"The 50/60 Hz problems you can have also with well grounded battery driven theremins. The reason: Over the pitch antenna and the high inductance serial coils one get up to some hundred of millivolts from electrical environment fog in houses. Fortunately this voltage is almost short circuited over the second resonance coil to ground. But not completely!"
The Phoenix uses a large (compared to the tank) coil to ground, something I thought of a while back but don't believe I mentioned here on TW. I ruled it out for the D-Lev because the coil has to be significantly larger than the series tank coil to not impart significant phase shift, I can deal with hum in software, and the hum imparts some dither to the input, which is kind of a good thing.
In my experiments I've found that a high value resistor from antenna to ground lowers hum/noise significantly without hurting the voltage swing too much. It forms an RC lowpass filter with the intrinsic C of the antenna & hand.
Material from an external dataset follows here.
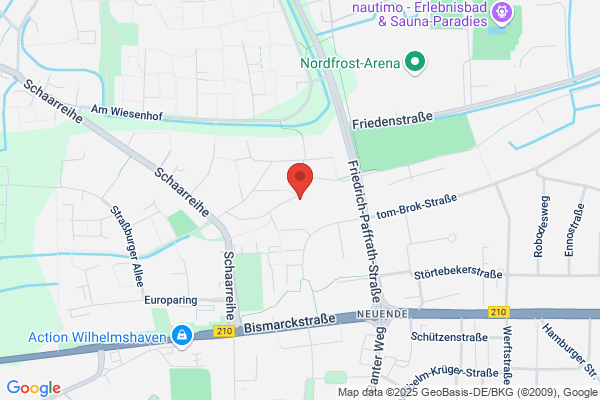 Ev.-Luth. Kreisjugenddienst WHV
So if you use 470k and have a 10pF antenna, you get -3dB at 34kHz, which at least kills some of the super higher harmonics and other environmental noise? Though it directly hurts Q, so I don't do this on the D-Lev (perhaps it is something I should look into though).
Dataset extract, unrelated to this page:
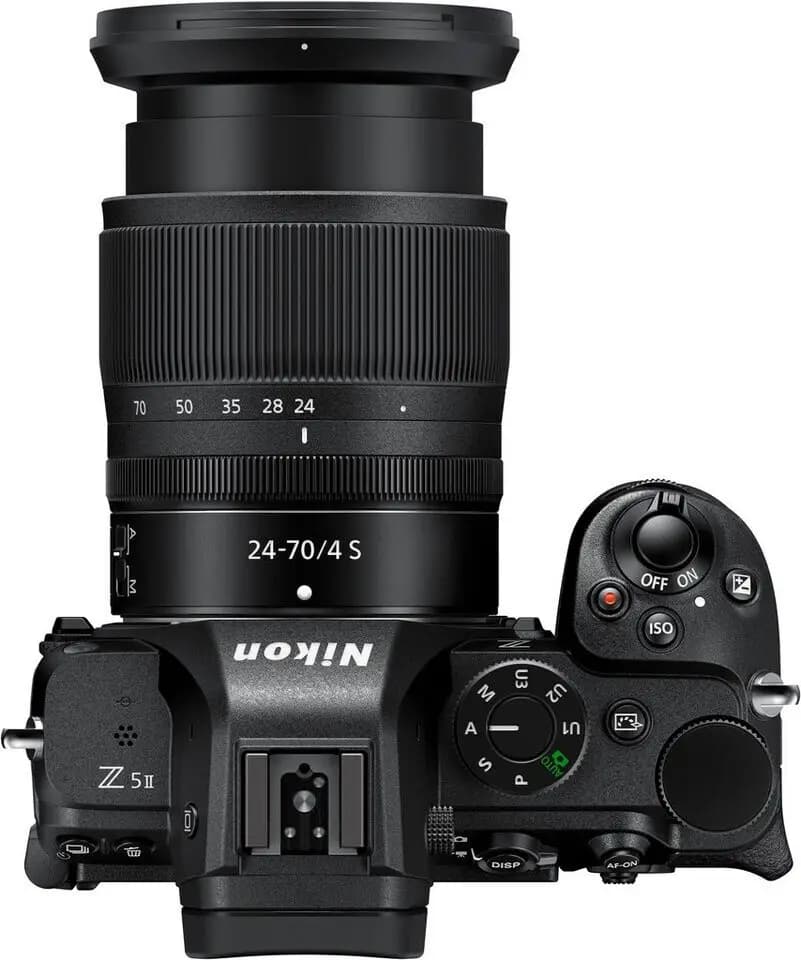 Nikon Z5 II + 24-70mm f/4 - фото 2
"The result is a modulation of the main signal and all overtones. You get additionally a more or less weakly plus/minus 50 Hz splitting of the main signal and all overtones. That sounds a bit scratchy and not clear especially in the near of zero."
I never thought of it from that angle (harmonic modulation) before (another reason to go digital) though I have thought of the influence of the mains hum field on the tank. Mains hum is coupled through the antenna intrinsic C, so adding a series C generally won't reduce it as the intrinsic C is so small. And the effect is FM/PM on the tank frequency. It acts like a hand waving near the antenna at 50/60Hz.